Дон Кихот мне всегда был дорог. Еще с тех пор, как я, шестилетняя девчонка, отколотила своего восьмилетнего братишку за то, что он хохотал, читая о его злоключениях. В наказание меня посадили на час в чулан под лестницей. Таким образом, еще чуть не полвека тому назад я впервые пострадала за свою верность Дон Кихоту. Могу ли я изменить тебе теперь, о Рыцарь Печального Образа?! Я испытывала странное ощущение, что-то вроде тоски и отчаяния, и щемящую боль от сознания, что это нанесет смертельный удар моей бедной далекой старушке, которая с гордостью и доверием ждет, что я на днях с честью завершу свою шахтерскую карьеру! Как бы ни скребли на душе кошки, я знала, что забрало у меня поднято, а карманы — полны бисера.
Итак, я сидела на мягком стуле у стола, перпендикулярного письменному столу полковника; майор — напротив; лейтенант у маленького столика в глубине комнаты, возле портрета Дзержинского.
Начало было обескураживающее: он спел всю ту же стократ надоевшую пластинку. Только диапазон был более мощный и бездушный. Я смотрела на полковника Кошкина, и у меня создалось и, чем дальше, тем больше усиливалось впечатление, что это актер, хорошо знающий свою роль, но глухой и только оттого не проваливающий всей пьесы, что он знает, где выдержать паузу, когда сказать свою реплику и что ему ответят. Как играют другие, его не интересует. В своей роли он не собьется.
И все же пришлось сбиться!
На все его стереотипные фразы я находила меткие возражения; необоснованные нападки парировала логичными рассуждениями, а предвзятые мнения опровергала примерами, фактами.
Завязалась своего рода дуэль, в которой, хотя противников было трое и нападали они одновременно и со всех сторон, преимущество (но не сила!) переходило явно на мою сторону.
И вот противники замерли «в третьей позиции», выражаясь языком фехтовальщиков, — позиции, дающей возможность и атаковать, и парировать.
— Вы — опытный спорщик и в совершенстве владеете диалектикой. Признайтесь: вы этому специально обучались?
— Да!
Всех троих будто электрическим током дернуло:
— Где?!
— В ветеринарной практике. Там я имела возможность заметить, что человек умеет мыслить здраво, делать выводы и четко их высказывать. Ну а скотина может лишь укусить, лягнуть или боднуть, в зависимости от своих ресурсов. Я — человек.
(Этот выпад рапирой, достойный д’Артаньяна или Атоса, отнюдь не улучшил моей позиции, но — пусть Бог меня простит! — иногда горсть бисера заменяет картечь…)
Последовавшее за этим молчание, хоть и не очень продолжительное, все же показалось слишком затянувшимся.

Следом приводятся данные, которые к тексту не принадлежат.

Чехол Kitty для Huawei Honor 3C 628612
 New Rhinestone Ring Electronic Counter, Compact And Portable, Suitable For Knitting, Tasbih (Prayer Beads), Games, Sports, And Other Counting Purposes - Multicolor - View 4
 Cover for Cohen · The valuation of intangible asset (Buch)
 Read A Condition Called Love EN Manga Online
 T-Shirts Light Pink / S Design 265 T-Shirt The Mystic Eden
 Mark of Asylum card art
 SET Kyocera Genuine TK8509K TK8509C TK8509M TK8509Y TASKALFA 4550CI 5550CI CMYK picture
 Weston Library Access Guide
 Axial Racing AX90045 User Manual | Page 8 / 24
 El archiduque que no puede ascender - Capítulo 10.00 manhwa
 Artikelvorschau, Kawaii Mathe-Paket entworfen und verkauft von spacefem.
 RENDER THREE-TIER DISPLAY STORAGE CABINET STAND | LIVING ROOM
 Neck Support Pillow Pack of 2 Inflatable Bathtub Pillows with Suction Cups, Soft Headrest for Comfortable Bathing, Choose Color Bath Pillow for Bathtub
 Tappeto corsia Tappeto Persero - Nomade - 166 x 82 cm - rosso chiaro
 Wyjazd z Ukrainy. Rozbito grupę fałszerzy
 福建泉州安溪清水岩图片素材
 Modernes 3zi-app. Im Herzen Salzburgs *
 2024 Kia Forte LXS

— А что вы скажете по поводу подобного рода выходки?
Полковник протянул руку, и лейтенант, как, очевидно, было заранее условлено, протянул ему лист, густо исписанный незнакомым мне почерком:
— Будете ли вы отрицать, что говорили о товарище Хрущеве, о какой-то его даче на Кавказе?
— Не на Кавказе, а в Крыму. Возле Ялты. Там, где Крымский заповедник ближе всего подходит к Ялтинскому ущелью. Да, говорила.
— Так вы не отрицаете?..
— Я никогда не отрицаю истину. Однако, мне кажется, об этом здесь я ни с кем не говорила.
— А где же? Когда? С кем? Расскажите подробнее и не пытайтесь отпираться.
— Дело в том, что я случайно попала туда, где строится эта дача.
И я подробно рассказала о том, что произошло в 1957 году, когда я, спеша из Одессы в Ялту сухим путем, попала в Крымский заповедник. Меня подвез шофер одной из шестидесяти грузовых машин, возивших туф для дачи Хрущева из Евпатории через Симферополь в самую горячую пору уборочной страды.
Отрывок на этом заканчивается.